MacKay-Lyons is also among the first of the artists who moved into the north end, and decided he wanted to help the neighbourhood—in his own way: "I argued for high density low-rise and high amenity, as opposed to high-rise apartments all over the north end," he explains. "Decades ago, the peninsula was intended to be re-zoned R3, R4 buildings—this neighbourhood would have gradually been knocked down—this is before it was perceived as a heritage area."

And, despite having the temerity to set up shop on a struggling Gottingen Street, the prospect of having their office computers stolen again compelled MacKay-Lyons Sweetapple Architects to install the first real gate in the north end—a heavy, iron wall that tracks past a large industrial window set in concrete block.

There are developers creating genuinely affordable housing for poor people in the north end.

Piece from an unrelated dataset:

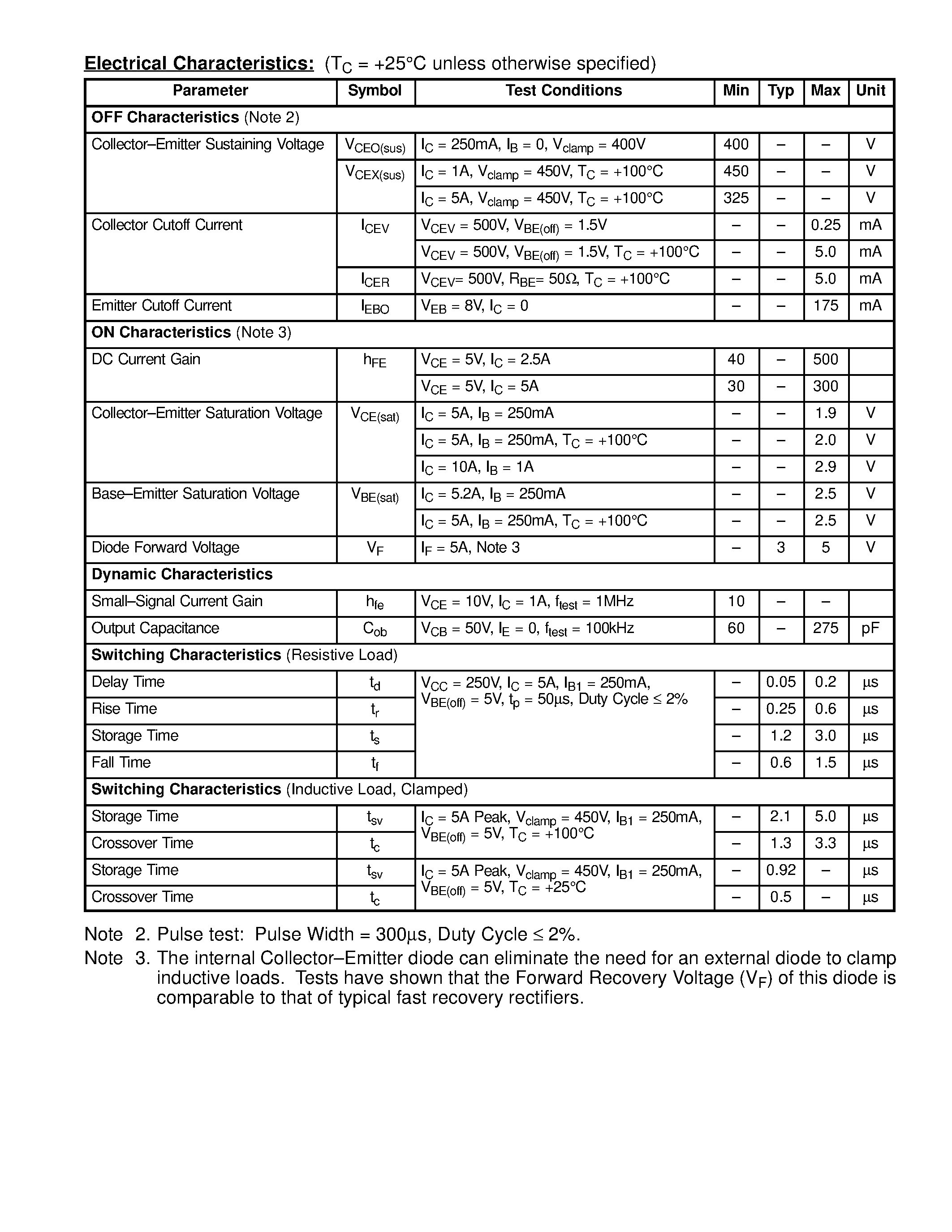 Datasheet NTE97 page 2 Datasheet NTE97 - Silicon NPN Transistor HV Darlington Power Amp / Switch page 2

The Creighton Gerrish Development Association has been picking up the slack left by the federal government when it killed new funding for co-op housing with a project designed by Niall Savage and spearheaded by Grant Wanzel. Wanzel's been working with several community housing groups, including Metro Non-Profit Housing.

After building 29 apartments on the corner of Buddy Daye and Gottingen for the hard-to-house—the building also incorporates the housing support office and a weekday morning coffee shop for the poor and homeless—the Association then developed six semi-detached houses on Creighton with subsidized mortgages for first-time homeowners whose incomes are less than $50,000—again, that was twice the area average three years ago. Even councillor Sloane qualified for one of the houses, despite some protest by anti-poverty advocates.

The non-profit's next phase is 12 rental units of apartments which will be more affordable than phase one and less expensive than phase two, to be built on the corner of Buddy Daye and Creighton.

In this way, the Association is attempting, in a respectful well-designed manner, to knit together a section of the north end that otherwise contains several glaring holes: numerous partially burned rooming houses and many of the vacant District 12 houses that councillor Sloane is trying to have cleaned up.

HRM anticipates 25 percent growth in the regional centre over the next 25 years. That's an average of seventy people per year, and a total of just under 9,000 people living in between Creighton, Agricola, North and Barrington in 2032.

Will they live in flophouses, $1 million condominiums and mixed-income housing? Will they work in boutiques, home-offices and a grocery store and credit union down the street? Will Direction 180 have a new, architecturally designed facility? And the Bloomfield Centre—will it be a vibrant mix of co-housing, subsidized childcare, artist facilities, a community newspaper and a new state-of-the-art Community YMCA?

Imagine, too, that we could travel back in time. Hop on a tour bus to an Africville which has not been razed. Its Seaview Baptist Church intact. Where Africville homeowners were given what they requested and needed—electricity, plumbing, full employment. A grocery store, banks. No dump, no tracks, no infectious diseases hospital. Imagine Africville houses with heritage status. A living, breathing National Historic Site.

"It's a healthy thing, having renters and owners side by side. But in a policy way, we haven't found a way to make that work," says Frank Palermo, who also worked as a city planner in Calgary during the 1970s. Palermo says that city's east end did it by preventing commercial interests from displacing the residential. So did downtown Vancouver in the 1990s—a fact which has not translated into a solution for its notorious east side.

"The eclectic mix. One would hope that we could find ways for that to continue to have life. Otherwise the north end becomes the same as any other area we find in any other city."

Lis van Berkel is a freelance writer and co-owns a house in the north end, where she has lived since 1989. That’s also the year she first heard the word “gentrification.”